Most meals at the resort are in this generally European mode. The chef is Italian, the sous-chef Mexican, and the pastry chef Spanish—though you wouldn’t necessarily pick up on the staff ’s diversity from the menu. Steak tartare, risotto, and snapper en papillote are kitchen mainstays. Although there are glimpses of excitement, particularly the Mexican breakfast options (huevos rancheros, satisfyingly spicy chicken chilaquiles), the fare mostly sticks to the tried-and-true. Floto + Warner

The real highlight, though, is the chance to interact with the staff. A mangrove tour organized by the hotel, beginning in nearby Río San Juan, was memorable for the astonishing sight of dozens of black buzzard and egret nests, as well as the opportunity to meet Juan Carlos Garcia, the friendly motorboat captain, who offered us Presidente beers and revealed a hidden swimming cove. Victor Rojas Gomez, a driver who led the excursion, pointed out sites like the popular Playa de la Guardia, a dance club/car wash hybrid at the center of the town’s social scene, and his house, painted a typical marigold yellow, with a dozing dog out front. “This is your home too now,” he said, and he sounded like he meant it.
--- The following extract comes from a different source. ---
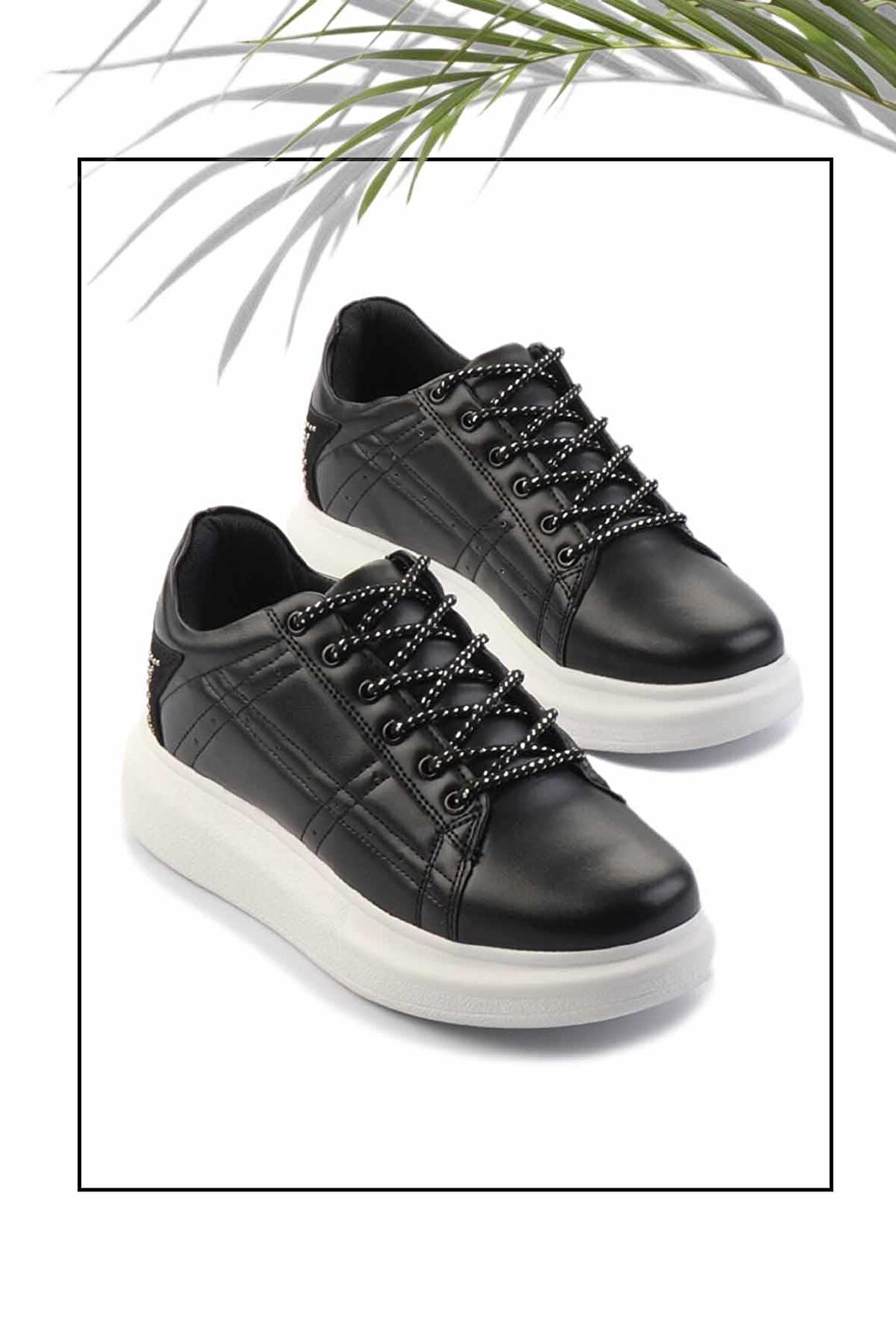 Siyah Beyaz  Kadın Sneaker K01478103509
Juan Alberto Martinez, known as Babunuco, after his legendary restaurant in the mountains, often comes by the resort to introduce guests to Dominican cigars. “Everyone knows Cuban cigars, but ours are just as good,” he said, demonstrating the delicate art of rolling the leaves and folding the tip. He insists no cigar session is complete without Mama Juana, a regional drink made with dried bark, rum, honey, and red wine. Recipes vary; Babunuco’s, which he ferments in a big Johnnie Walker bottle for a month, is a secret. It’s best sipped by the infinity pool, which deliberately has no lights to create better reflections, especially when the sound of an acoustic guitar drifts from the restaurant and skims across the sky, dense with stars. You can see why the crab was so eager to stay.; casitas from $950.